À la suite de la décision du 19 juillet 2016, à la faveur de laquelle la Commission a sanctionné plusieurs fabricants de camions, parmi lesquels AB Volvo et DAF Trucks, pour avoir participé, de 1997 à 2011, à une entente sur les prix des camions, l’acquéreur de trois camions fabriqués par ces deux sociétés a obtenu devant une juridiction espagnole une réparation de son préjudice, estimé à 15 % du prix d’acquisition des camions.
Pour ce faire, le juge a écarté le moyen des constructeurs tiré de la prescription de l’action, concluant à l’applicabilité du délai de cinq ans prévu dans la législation espagnole qui a transposé la directive « dommages » de 2014.

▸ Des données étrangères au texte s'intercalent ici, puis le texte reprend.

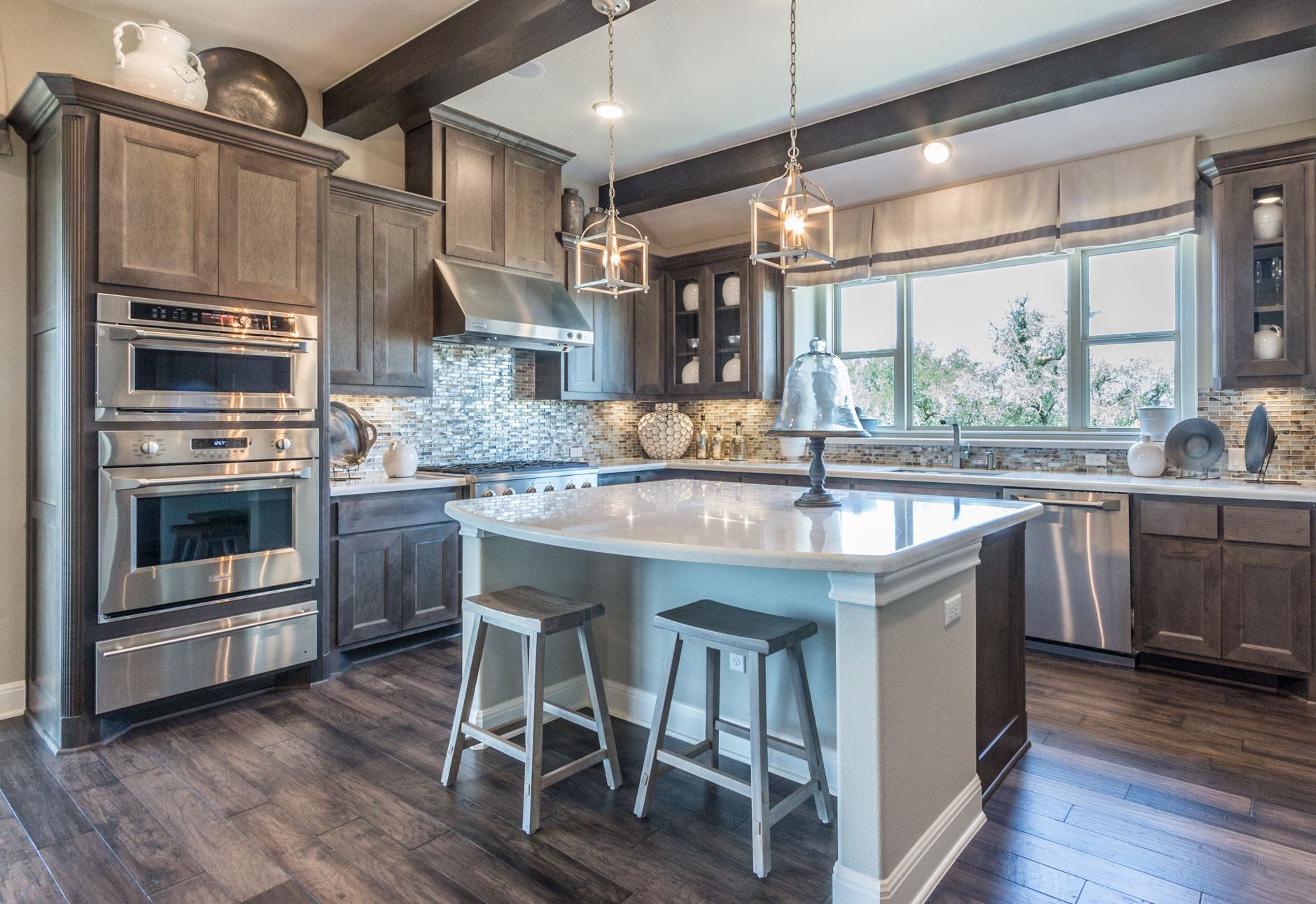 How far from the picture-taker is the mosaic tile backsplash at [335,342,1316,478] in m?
3.76

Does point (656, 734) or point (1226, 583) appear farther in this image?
point (1226, 583)

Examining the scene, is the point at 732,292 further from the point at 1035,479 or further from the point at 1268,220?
the point at 1268,220

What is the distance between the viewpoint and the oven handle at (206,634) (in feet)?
9.23

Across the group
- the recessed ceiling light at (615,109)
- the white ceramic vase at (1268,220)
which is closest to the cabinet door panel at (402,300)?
the recessed ceiling light at (615,109)

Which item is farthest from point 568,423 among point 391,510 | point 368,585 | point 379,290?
point 368,585

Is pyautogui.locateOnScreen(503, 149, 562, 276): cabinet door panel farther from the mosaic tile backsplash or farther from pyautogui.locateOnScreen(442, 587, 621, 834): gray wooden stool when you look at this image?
pyautogui.locateOnScreen(442, 587, 621, 834): gray wooden stool

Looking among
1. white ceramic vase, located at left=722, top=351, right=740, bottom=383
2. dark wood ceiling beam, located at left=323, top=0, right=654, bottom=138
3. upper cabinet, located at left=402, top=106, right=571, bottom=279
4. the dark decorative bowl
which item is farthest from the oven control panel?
white ceramic vase, located at left=722, top=351, right=740, bottom=383

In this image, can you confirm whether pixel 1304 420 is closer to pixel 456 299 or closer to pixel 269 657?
pixel 456 299

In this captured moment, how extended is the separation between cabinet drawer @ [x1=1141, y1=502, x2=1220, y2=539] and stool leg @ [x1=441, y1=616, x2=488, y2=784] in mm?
3110

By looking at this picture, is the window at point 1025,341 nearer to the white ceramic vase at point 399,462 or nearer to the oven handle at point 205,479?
the white ceramic vase at point 399,462

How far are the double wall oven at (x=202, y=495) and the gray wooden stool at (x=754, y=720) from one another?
194 cm

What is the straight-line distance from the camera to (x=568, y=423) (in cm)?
553

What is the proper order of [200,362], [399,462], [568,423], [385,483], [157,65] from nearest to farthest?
[157,65] < [200,362] < [385,483] < [399,462] < [568,423]

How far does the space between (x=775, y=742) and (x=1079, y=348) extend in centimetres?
346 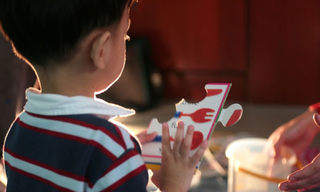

Les deux sociétés ont alors fait appel de ce jugement devant la Cour provinciale de Léon, en faisant valoir, d’une part, que l’action était prescrite car le délai d’un an prévu par le régime de responsabilité extracontractuelle du code civil aurait commencé à courir à compter de la publication du communiqué de presse de la commission, le 19 juillet 2016. D’autre part, elles contestent l’existence d’un lien de causalité entre l’entente et l’augmentation du prix des camions.
La Cour provinciale de Léon a alors décidé de poser à la Cour de justice de l’Union des questions préjudicielles sur le champ d’application temporelle de certaines dispositions de la directive concernant le délai de prescription applicable et l’évaluation du préjudice ainsi que la compatibilité de la législation nationale applicable aux actions en dommages et intérêts résultant d’infractions au droit de la concurrence au vu de l’article 101 TFUE et du principe d’effectivité.
Dans ses conclusions présentées ce jour, l’avocat général Athanasios Rantos souligne, à titre liminaire, que la présente affaire porte sur le régime juridique applicable, d’une part, à la prescription de l’action introduite par le requérant (et plus particulièrement sur la durée et la date de prise de cours du délai de prescription) et, d’autre part, à l’évaluation et à la quantification du préjudice subi (pt. 28).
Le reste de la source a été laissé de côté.